Literally typing the following in the address field in Firefox 14.01, Lubuntu
12.04:

    
    
      pythononwheels.org
    

403 Forbidden You don't have permission to access / on this server.
Apache/2.2.16 (Debian) Server at pythononwheels.org Port 80

Typing www.pythononwheels.org gets me to your home page.

"If Ajax works something will happen here if you click the Send Ajax Request
button"

If I just click the button, without typing anything (because that's what the
sentence above says, and I'm in QA and because I'm a dick), then I get this,
so it was probably load yesterday:

    
    
      Yeah! AJAX with python rocks totally now:  2012-08-14 04:44:41   type something here 
    

And if I keep clicking then the time keeps updating, so yay.
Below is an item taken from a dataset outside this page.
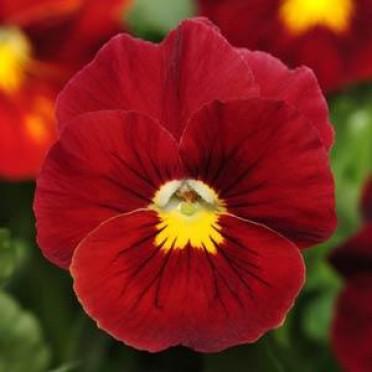 Pansy Panola Scarlet | Perez Nursery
If I type something and hit Enter, nothing happens. Usually/often that should
be the same as clicking the button.

If I click in the text field I would expect your instructional text in that
field to politely disappear, making way for my text, but your text stays there
and my text is inserted wherever I clicked.

If I drag across the text in the orange button and then release (to select the
text), it's the same as if I clicked. Not what I expected, but that's a nit.

If I drag from just above the orange button to just below it, and then either
Ctrl-C or right-click-copy, then I get a copy of the text in the button. I
guess that's OK, but I'm not used to being able to copy the text of a button.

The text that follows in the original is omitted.